= 3-Hydroxypropionate/4-hydroxybutyrate cycle =

Carbon fixation process

The 3-Hydroxypropionate/4-hydroxybutyrate cycle, also known as the 3HP/4HB cycle, is a specialized carbon fixation process used by some archaea, including Thermoproteota. For these organisms to survive and grow autotrophically in hostile settings, such as hydrothermal vents, this cycle is essential. Carbon dioxide (CO2) is effectively transformed by the process into organic chemicals like acetyl-CoA, which can then be utilized for growth and energy production. This route is specific to organisms that fix CO2 in high-temperature, low-oxygen settings, in contrast to the more well-known Calvin cycle which does not perform as well at fixing CO2 under these conditions.

== Steps ==
The 3-hydroxypropionate/4-hydroxybutyrate cycle is one of six known carbon fixation mechanisms. One of the most energy-efficient processes for transforming inorganic carbon (CO2) into organic compounds, especially in thermal and acidic environments, was initially discovered in the archaea Thermoproteota.

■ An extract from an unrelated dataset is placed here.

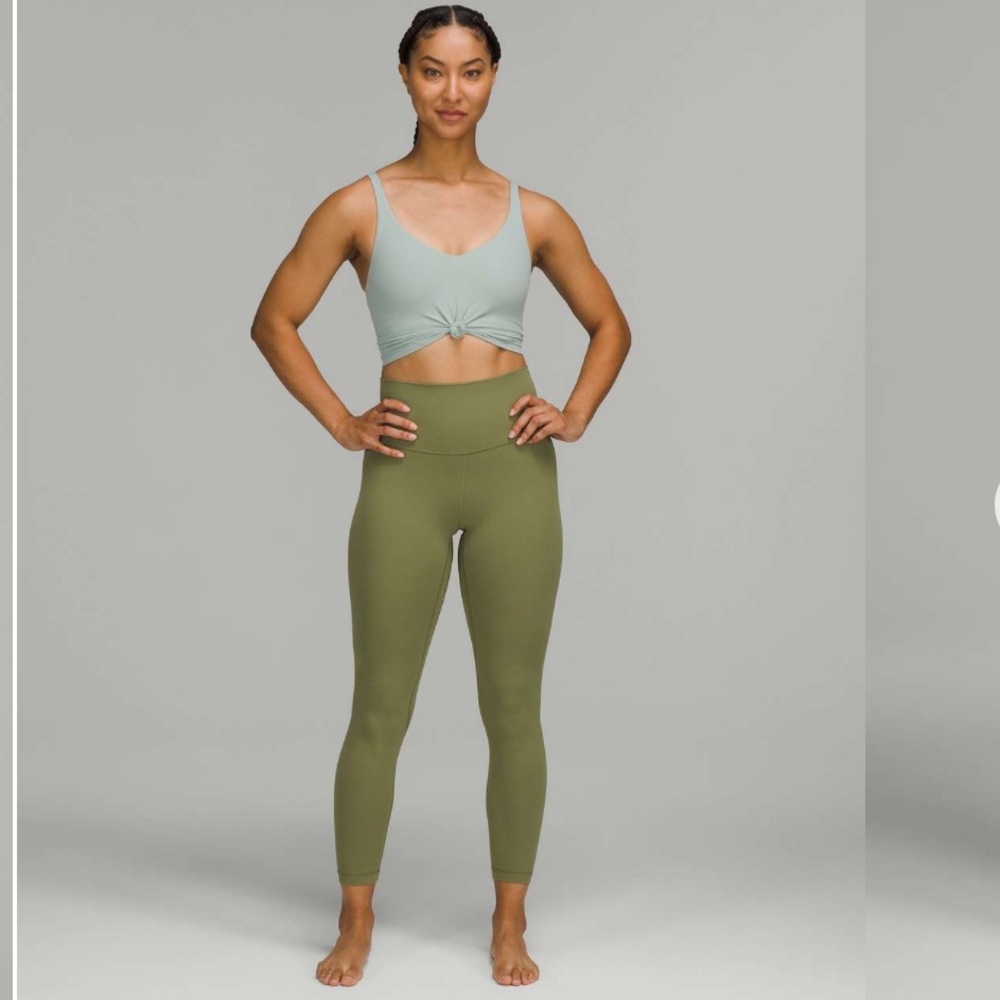 NWOT Lululemon Athletica Align High-Rise  25” Bronze Green Leggings size 4 - Picture 4 of 10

There are two primary sections to this pathway:
The carboxylation of acetyl-CoA yields malonyl-CoA, which is then transformed into intermediates that feed into the subsequent cycle in the 3-hydroxypropionate cycle.

Acetyl-CoA is created from intermediates such as succinyl-CoA and 4-hydroxybutyrate in the 4-Hydroxybutyrate cycle, which eventually regenerates the cycle by synthesizing organic molecules for energy and cellular development.

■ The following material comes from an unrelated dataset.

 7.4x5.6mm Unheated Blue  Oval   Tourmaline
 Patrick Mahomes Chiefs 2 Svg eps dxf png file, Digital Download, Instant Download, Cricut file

==Key intermediates and enzymatic reactions==
The cycle starts when the enzyme acetyl-CoA carboxylase catalyzes the carboxylation of acetyl-CoA to malonyl-CoA. Subsequently, this intermediate is converted into propionyl-CoA and other organic molecules. The cycle is completed in the second portion by regenerating acetyl-CoA using intermediates like succinyl-CoA and 4-hydroxybutyrate. Acetyl-CoA and pyruvate, the cycle's end products, are essential for a number of metabolic processes, such as the citric acid cycle and fatty acid synthesis. The 3-HP/4-HB cycle is very effective for autotrophic carbon fixation under harsh circumstances because of the cyclical regeneration of acetyl-CoA.

Adaptation to extreme environments: The 3-HP/4-HB cycle-dependent species are usually found in settings where more traditional carbon fixation routes, including the Calvin cycle, would not function well. Among these are hydrothermal vents, which have high temperatures, low oxygen concentrations, and copious amounts of CO2. By reducing adenosine triphosphate (ATP) and energy consumption during carbon fixation, the 3-HP/4-HB cycle helps organisms flourish and allows these archaea to maintain existence in some of the most hostile environments on Earth.

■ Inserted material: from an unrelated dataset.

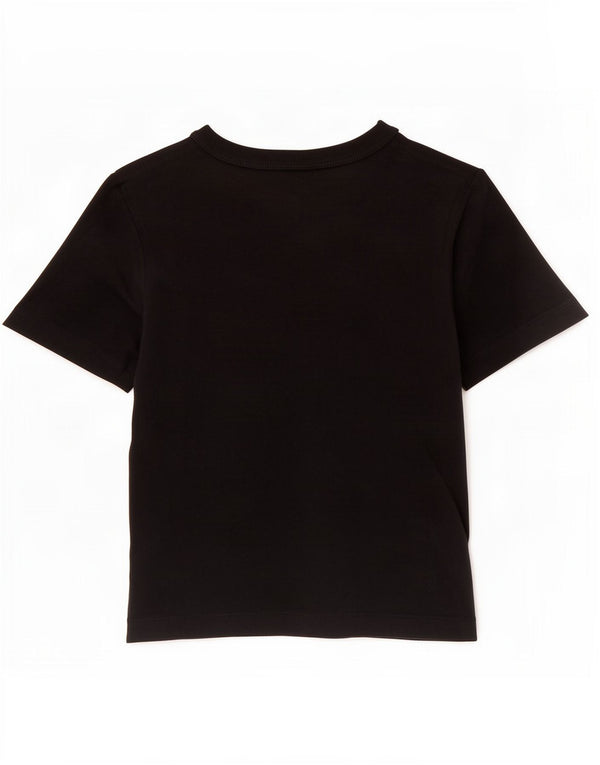 Tricou pentru femei Champion Crop Top UK 8 Small Black Bumbac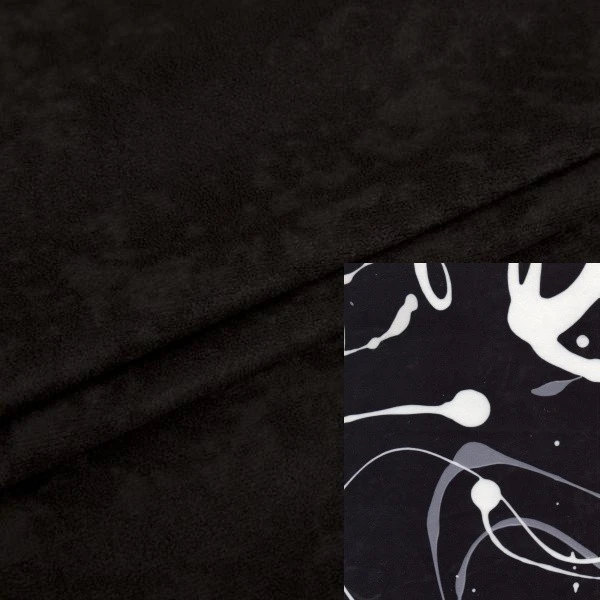 čierna / vankúšov so vzorom (č.41 / 185)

==Comparison to other carbon fixation pathways==
In high-temperature and low-oxygen environments, the 3-HP/4-HB cycle uses less energy than the Calvin cycle, which is common in plants and algae. The 3-HP/4-HB cycle is a perfect method for energy conservation in archaea compared to the Calvin cycle since it fixes carbon with fewer ATP molecules. The Calvin cycle requires 9 ATP and 6 NADPH to fix three molecules of CO2 into a triose phosphate, which is eventually converted to glucose. However, the 3-HP/4-HB cycle only requires 5 ATP and % NADPH to fix three molecules of CO2 into glucose. The 3-HP/4-HB cycle's intermediates also directly feed into other critical metabolic pathways, making it a flexible tool for surviving in harsh environments.

=== Metabolic engineering ===
CO2 is a greenhouse gas that contributes to global warming. The use of metabolic pathways to fix atmospheric CO2 is being evaluated to address climate change. The 3-hydroxypropionate/4-hydroxybutyrate cycle is a proposed pathway to fix excess CO2 in the atmosphere.